OpenChatKit offers developers an open-source starting point for building chatbots. Released by the Together community, it combines a chat-tuned language model with tools for customization, retrieval, moderation, and user feedback. The project aims to make chatbot development more accessible, while its early performance shows that an open alternative still has ground to cover.
A model and a toolkit for developers
The central model, GPT-NeoXT-Chat-Base-20B, is based on EleutherAI’s 20 billion parameter GPT-NeoX language model. It was tuned for chat use with 43 million instructions. In the HELM benchmark, the chat-tuned model outperformed its base model.
OpenChatKit is available to developers on GitHub under the Apache 2.0 license. The release includes more than the language model itself: it also provides customization recipes intended to help developers fine-tune the model for particular tasks.
Another component is an extensible retrieval system. It can bring information into a response from a document repository, an API, or another source that updates live. That gives developers a way to connect the chatbot with information beyond what the model can supply on its own.
The kit also includes a moderation model fine-tuned from GPT-JT-6B, designed to filter which questions the bot responds to. Users can provide feedback on answers and contribute new datasets, making improvement part of the project’s workflow.

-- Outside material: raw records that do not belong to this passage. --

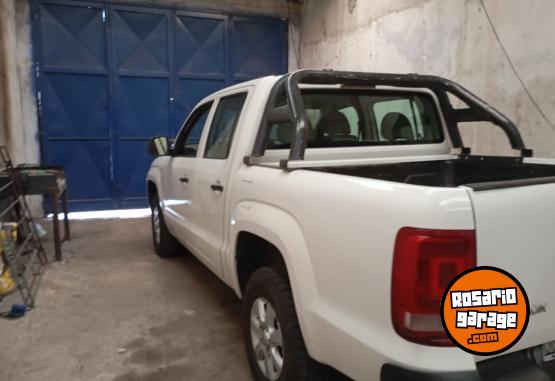Camionetas - Volkswagen Amarok 2013 Diesel 390000Km - En Venta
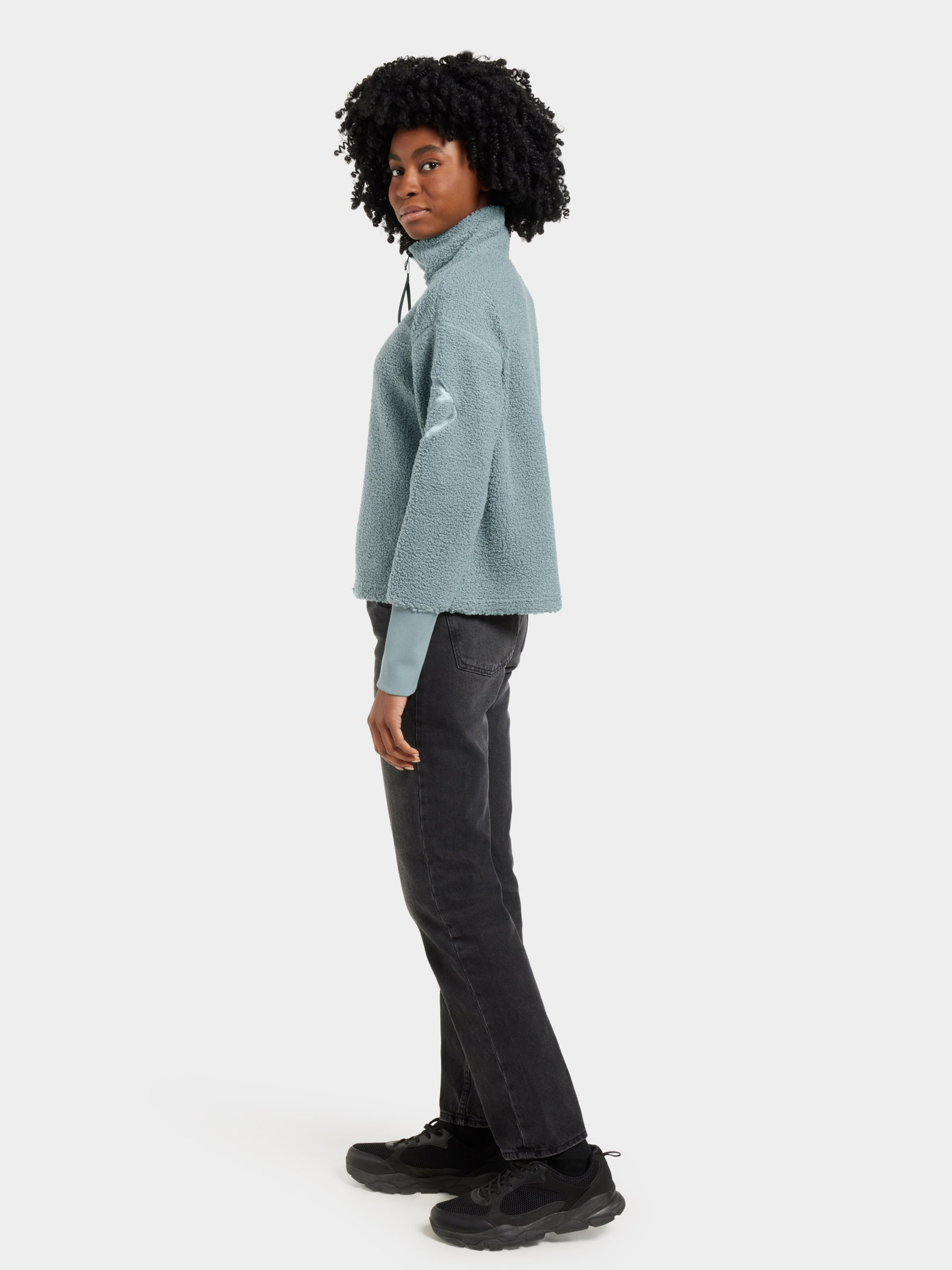 Didriksons Fleecejacke Full Zip "Alexa" #3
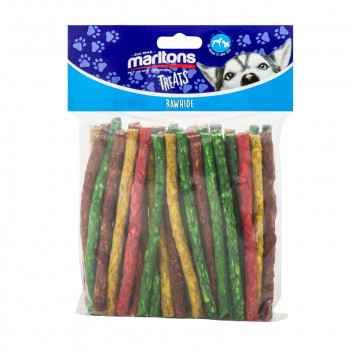 MARLTON ROUND MUNCHY PET TREAT 125X10MM 50 PER PACK MARLTON ROUND MUNCHY PET TREAT 125X10MM 50 PER PACK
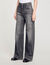 Wide-leg jeans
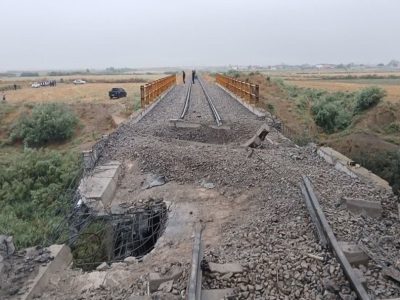 حمله دوباره به ریـــــــــل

Where the chatbot performs best
Developers identify summarization, answering questions with context, information extraction, and text classification as OpenChatKit’s stronger tasks. These uses give the model a clear input to work from: a passage to summarize, context for a question, or text to classify.

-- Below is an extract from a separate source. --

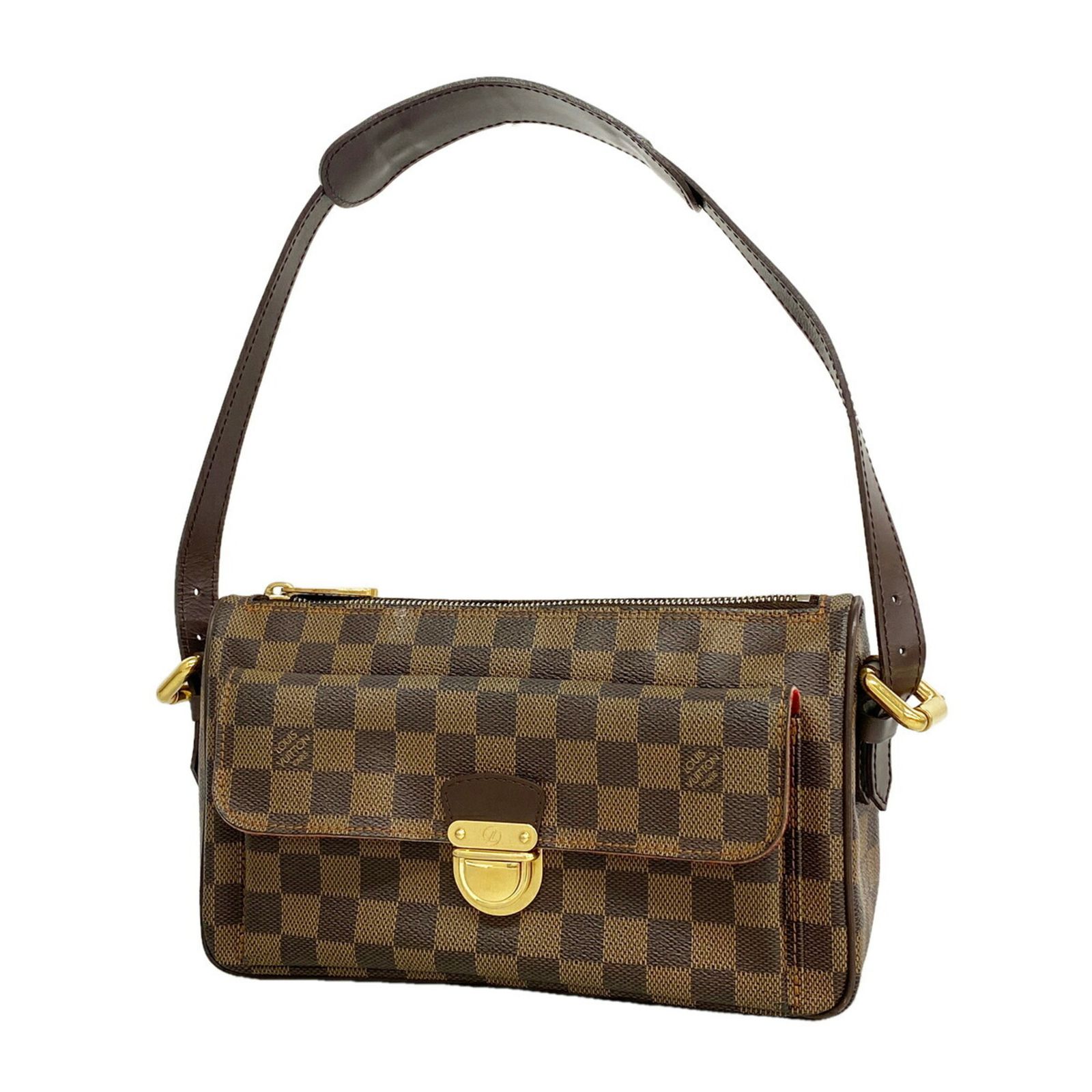 ルイ・ヴィトン(Louis Vuitton) ルイ・ヴィトン ショルダーバッグ ダミエ ラヴェッロGM N60006 エベヌレディース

That distinction matters when choosing where to use it. A system built around supplied documents or a defined classification task may suit the model better than one expected to handle any question or create polished prose without supporting context. The retrieval tools can also help connect answers to a repository or live information source.
The source reports that performance improved considerably when OpenChatKit was fine-tuned for specific use cases. Together was developing its own chatbots for learning, financial advice, and support requests. Those examples point to a use pattern centered on adapting the model to a defined purpose.

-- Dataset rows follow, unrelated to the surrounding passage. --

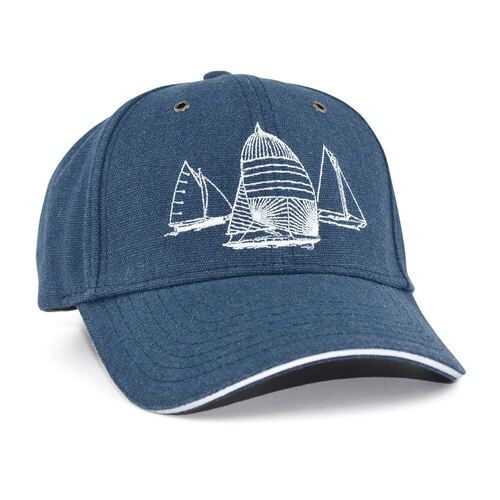 NautiGo Cap -  'Sail Away'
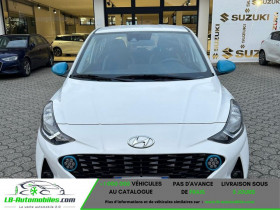 Hyundai i10 1.0 67 BVA  occasion � Beaupuy - photo n�8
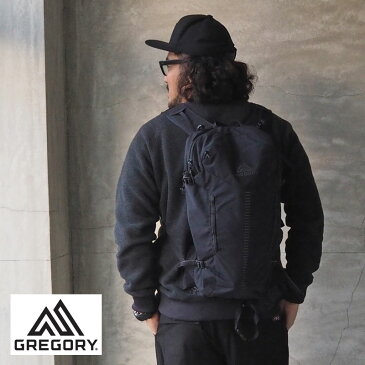 GREGORY グレゴリー リュック レイブン 18 デイパック 125847 メンズ レディース 18L バックパック 人気 売れ筋 バッグ リュックサック アウトドア 黒 通勤 通学 コーデュラナイロン 旅行 かばん 鞄 おしゃれ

Early limits in conversation and writing
OpenChatKit was less convincing on questions without context, coding, and creative writing. Those are areas associated with ChatGPT’s popularity, though the source also notes that OpenAI’s chatbot hallucinates regularly. OpenChatKit has its own conversational weaknesses: it can struggle when a discussion changes subject and may repeat an answer.
In a short test, its replies were less eloquent than ChatGPT’s. The article connects that partly to a response limit of 256 tokens, compared with around 500 for ChatGPT. Replies were shorter, but OpenChatKit generated them faster.
The test also found that changing languages did not seem to trouble the bot. It could format output as a list or a table. These abilities offer useful flexibility, although they do not erase the reported difficulties with open-ended questions, coding, or creative writing.
Open development and what comes next
Together is relying on user feedback to improve OpenChatKit. The project also uses a decentralized training approach: instead of keeping the required computing power in one central data center, the developers distribute it across many computers. The article presents that process as a possible direction for large-scale open-source projects.
OpenChatKit was described as the first open-source project to emulate ChatGPT, but not as the last. The source points to Meta’s LLaMa models, which had leaked earlier that month, and says the largest had three times as many parameters as GPT-NeoX-20B. It suggests a chatbot based on those models could follow.
For now, OpenChatKit is best understood as a developer toolkit with a capable but limited chat model. Its open license, customization options, retrieval system, and feedback mechanisms provide ways to shape a chatbot for a particular use. Its weaker performance on broader conversational tasks makes that tailoring especially relevant. The kit could be tried for free on Hugging Face.